▶ **AIM OF THE TASK**
The material below holds pictures; leave them out and reproduce exactly the lines from the one with "The newly refurbished" through the one with "SEI Furniture Vaquero", inclusive.

▶ **AVAILABLE DATA**
######

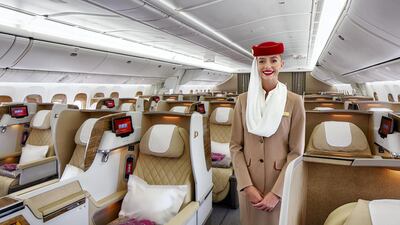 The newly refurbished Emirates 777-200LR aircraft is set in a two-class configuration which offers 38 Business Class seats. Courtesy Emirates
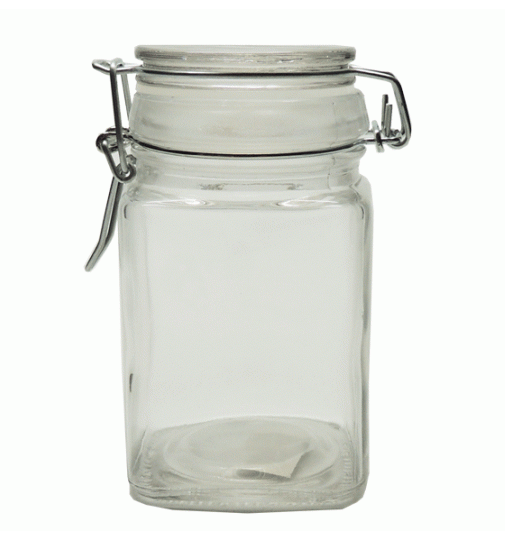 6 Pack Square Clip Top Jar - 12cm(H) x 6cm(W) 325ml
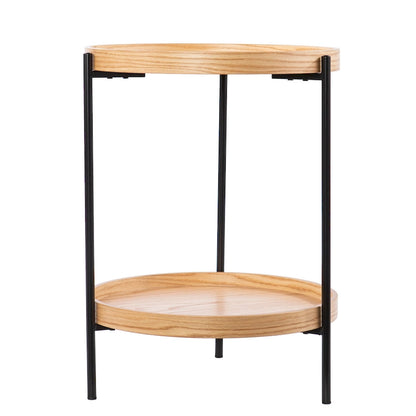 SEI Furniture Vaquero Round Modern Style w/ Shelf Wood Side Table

######

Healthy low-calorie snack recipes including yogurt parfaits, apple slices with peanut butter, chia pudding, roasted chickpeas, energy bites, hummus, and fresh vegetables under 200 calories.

######

▶ **TASK OUTPUT**
 The newly refurbished Emirates 777-200LR aircraft is set in a two-class configuration which offers 38 Business Class seats. Courtesy Emirates
 6 Pack Square Clip Top Jar - 12cm(H) x 6cm(W) 325ml
 SEI Furniture Vaquero Round Modern Style w/ Shelf Wood Side Table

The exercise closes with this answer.